To access this directly go to

http://www.telegraphindia.com/archive/

put in the above date and go to the "editorials" section
 

Text of Review Follows

BY ARNAB BHATTACHARYA
 

FRACTURED MODERNITY: MAKING OF A MIDDLE CLASS IN COLONIAL NORTH INDIA

By Sanjay Joshi,

Oxford, Rs 495
 

The emergence of the middle class is one of the major social phenomena in colonial India. In India, like elsewhere in the world, the values and lifestyle of the middle class are determined as much by economic indicators as by its specific mode of intervention in the public sphere. Middle-class discourse in colonial India, derivative as it is, incorporates glaring paradoxes, evident in such public sphere activities as the nationalist politics or the women's empowerment programme of this period.
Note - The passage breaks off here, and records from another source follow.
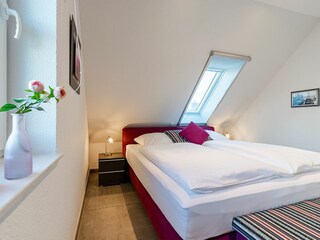 Apartamento de vacaciones Greetsiel Características 37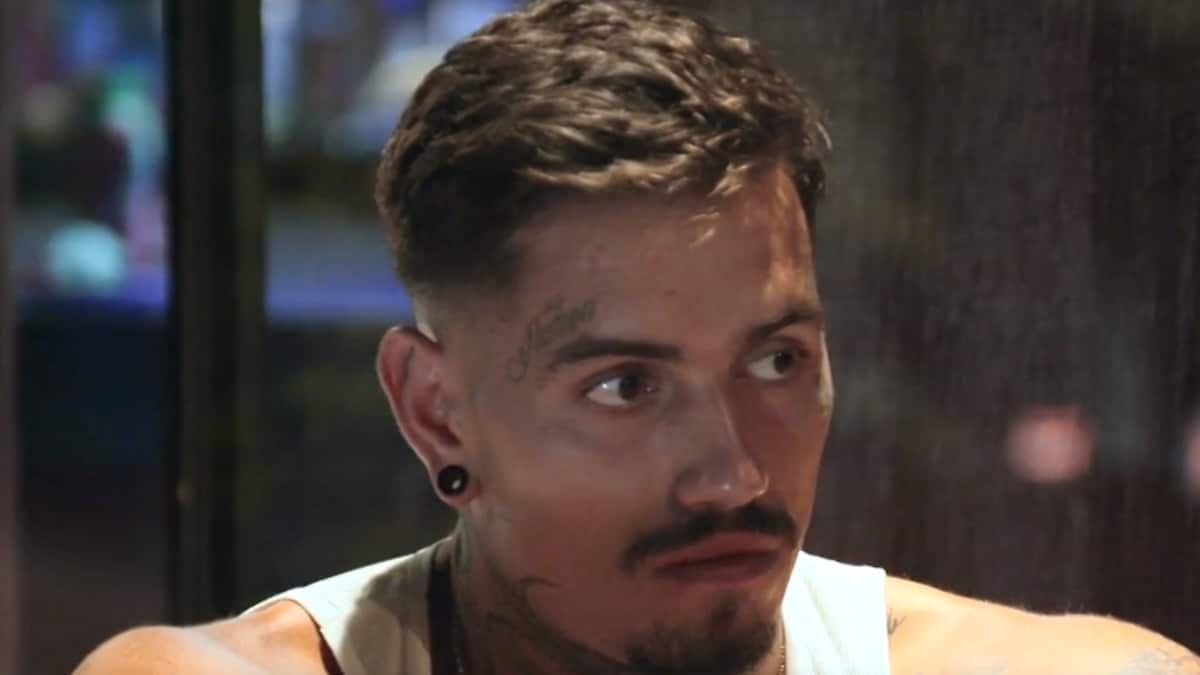 emanuel neagu during the challenge season 39 on mtv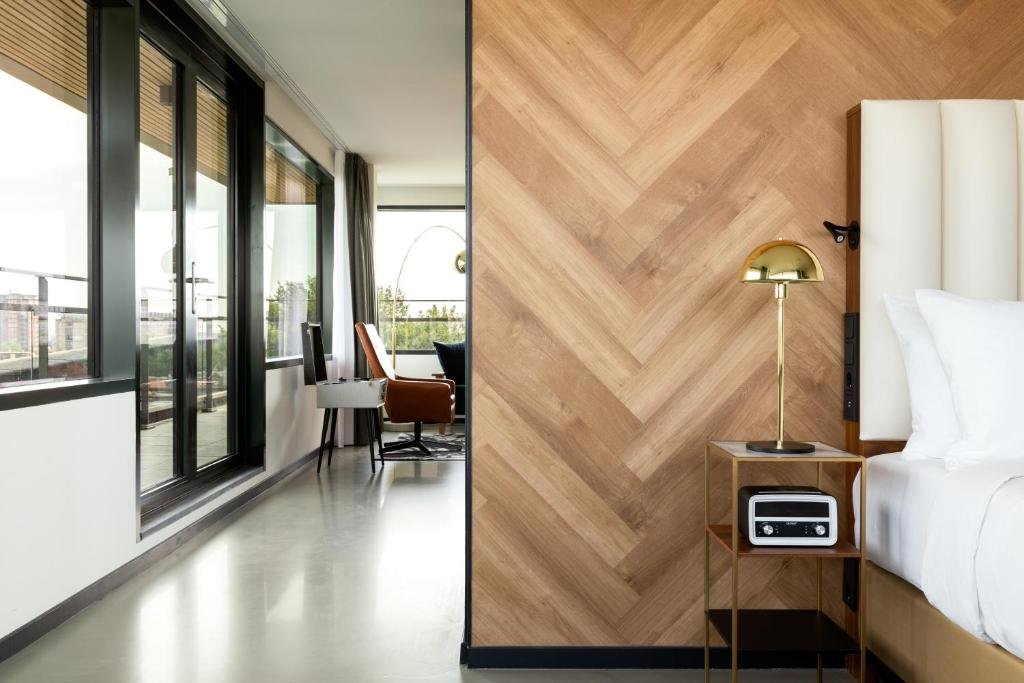Fletcher Boutique Hotel Slaak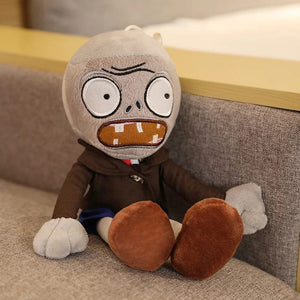 Planet Gates Plants vs Zombies 2 Video Game Character Plush Toys PVZ Plants Peashooter SunFlower Anime Stuffed Plush Dolls Gifts for Children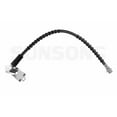 thumbnail image 2 of Sunsong 2204260 Brake Hydraulic Hose, 2 of 5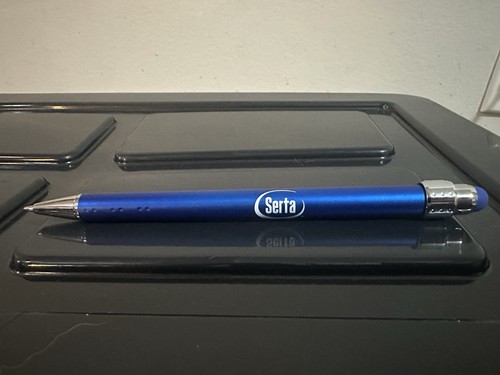 Stück serta matratze blau - 8,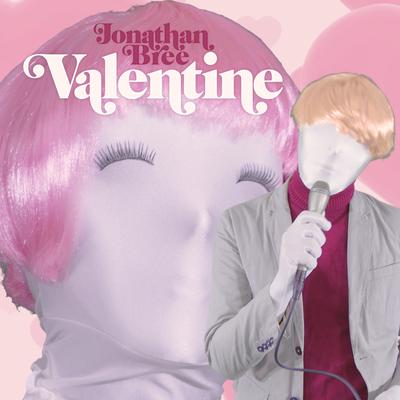 Valentine By Jonathan Bree's cover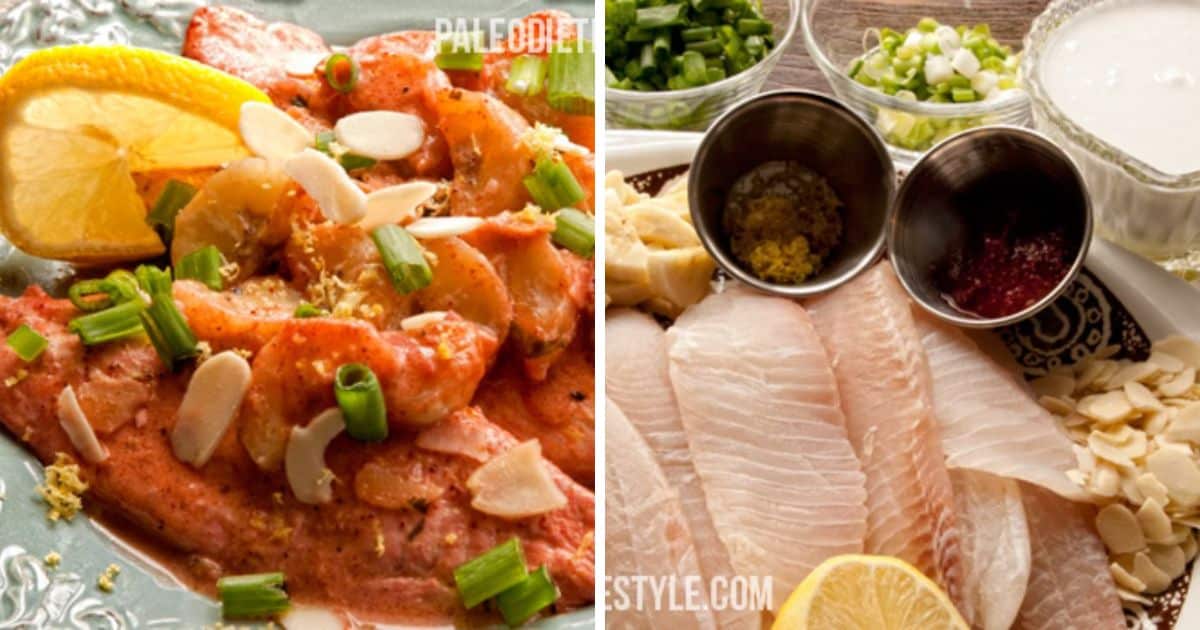 Fish Curry With Bananas Recipe Paleo Leap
Ambiguities in the middle class consciousness prompted its inconsistent attitudes towards social issues which kept oscillating between the authoritarian and the liberal, the egalitarian and the parochial, the democratic and the hierarchic and so on.
 

Sanjay Joshi's contention in his book, Fractured Modernity, is that the Indian middle class consciousness is a product of cultural entrepreneurship. It is shaped by the notion of modernity, received during the British rule as ruptured and fragmented. Positing his study against the backdrop of Lucknow, Joshi argues that this "fractured modernity" is not an exclusive colonial legacy for the Indian middle class (as suggested by most subalternists), but a characteristic of the post-Industrial Revolution and post-Enlightenment European middle class as well. But the model of European modernity fails to explain the efforts of the middle class, both Indian and European, to reconstitute itself.
 

Joshi's exploration of the competing ideologies that go into the making of the middle class in Lucknow is, to his mind, a case-study based on variables flexible enough to have wider application. He notes that the middle class in colonial Lucknow, in its bid to assume social leadership, created new norms of respectability while remaining equidistant from the elite and the lower classes. Its attempts at self-construction called for a reworking of traditional values of the nawabi era and tempering them with radically modern concepts. This resulted in contradictions still evident in the postcolonial north Indian middle class.
 

The most interesting chapter of the book is the last, where Joshi records his reflections on the fractured modernity. Here he suggests methods of "provincializing" European modernity, erroneously conceived as universal in the colonial period. He recognizes the divergence between the theoretical and practical aspects of modernity as part of lived reality in both Indian and European contexts.